The data below holds the lines to copy: everything from the line containing "Art Batik The" to the line containing "KONG Alcott Ultimate", both ends included, set down exactly.
################
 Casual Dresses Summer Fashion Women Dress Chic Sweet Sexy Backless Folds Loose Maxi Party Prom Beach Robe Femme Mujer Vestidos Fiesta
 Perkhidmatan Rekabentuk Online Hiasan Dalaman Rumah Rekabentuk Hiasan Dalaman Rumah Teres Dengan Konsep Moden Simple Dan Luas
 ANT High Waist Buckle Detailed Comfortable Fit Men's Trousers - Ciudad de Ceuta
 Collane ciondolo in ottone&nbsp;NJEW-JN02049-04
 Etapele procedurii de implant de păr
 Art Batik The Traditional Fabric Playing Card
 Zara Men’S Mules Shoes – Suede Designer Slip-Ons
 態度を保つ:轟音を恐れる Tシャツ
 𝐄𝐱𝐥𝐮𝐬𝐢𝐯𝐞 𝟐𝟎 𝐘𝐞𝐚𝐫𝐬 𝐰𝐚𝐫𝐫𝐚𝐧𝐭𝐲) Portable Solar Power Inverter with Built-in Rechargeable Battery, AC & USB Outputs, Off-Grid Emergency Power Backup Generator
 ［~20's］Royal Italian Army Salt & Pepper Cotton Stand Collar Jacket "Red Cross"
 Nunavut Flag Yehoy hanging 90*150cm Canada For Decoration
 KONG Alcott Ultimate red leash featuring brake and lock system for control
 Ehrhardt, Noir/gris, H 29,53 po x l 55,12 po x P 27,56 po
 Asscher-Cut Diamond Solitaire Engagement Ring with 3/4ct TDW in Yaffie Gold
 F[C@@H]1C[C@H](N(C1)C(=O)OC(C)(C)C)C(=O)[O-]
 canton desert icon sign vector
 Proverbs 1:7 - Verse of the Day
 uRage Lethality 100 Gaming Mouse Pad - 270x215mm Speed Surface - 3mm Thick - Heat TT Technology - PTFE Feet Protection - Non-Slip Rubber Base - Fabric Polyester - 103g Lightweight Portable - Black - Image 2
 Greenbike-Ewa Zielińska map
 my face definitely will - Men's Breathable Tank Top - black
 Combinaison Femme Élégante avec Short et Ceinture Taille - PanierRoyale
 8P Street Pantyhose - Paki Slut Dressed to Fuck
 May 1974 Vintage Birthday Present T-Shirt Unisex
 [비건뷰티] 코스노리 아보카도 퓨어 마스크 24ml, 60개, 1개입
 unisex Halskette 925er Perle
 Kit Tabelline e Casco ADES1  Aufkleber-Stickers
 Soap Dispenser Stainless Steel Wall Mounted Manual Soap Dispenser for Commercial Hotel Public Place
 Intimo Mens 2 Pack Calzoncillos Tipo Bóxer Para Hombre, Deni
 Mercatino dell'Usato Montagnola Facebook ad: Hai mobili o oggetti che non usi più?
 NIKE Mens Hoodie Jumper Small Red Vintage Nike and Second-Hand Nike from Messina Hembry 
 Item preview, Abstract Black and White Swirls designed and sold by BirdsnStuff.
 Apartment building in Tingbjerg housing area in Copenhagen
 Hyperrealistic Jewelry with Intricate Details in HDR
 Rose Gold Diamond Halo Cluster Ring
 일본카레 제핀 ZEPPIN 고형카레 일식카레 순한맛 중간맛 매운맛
################
▸ **EXERCISE SOLUTION**
 Art Batik The Traditional Fabric Playing Card
 Zara Men’S Mules Shoes – Suede Designer Slip-Ons
 態度を保つ:轟音を恐れる Tシャツ
 𝐄𝐱𝐥𝐮𝐬𝐢𝐯𝐞 𝟐𝟎 𝐘𝐞𝐚𝐫𝐬 𝐰𝐚𝐫𝐫𝐚𝐧𝐭𝐲) Portable Solar Power Inverter with Built-in Rechargeable Battery, AC & USB Outputs, Off-Grid Emergency Power Backup Generator
 ［~20's］Royal Italian Army Salt & Pepper Cotton Stand Collar Jacket "Red Cross"
 Nunavut Flag Yehoy hanging 90*150cm Canada For Decoration
 KONG Alcott Ultimate red leash featuring brake and lock system for control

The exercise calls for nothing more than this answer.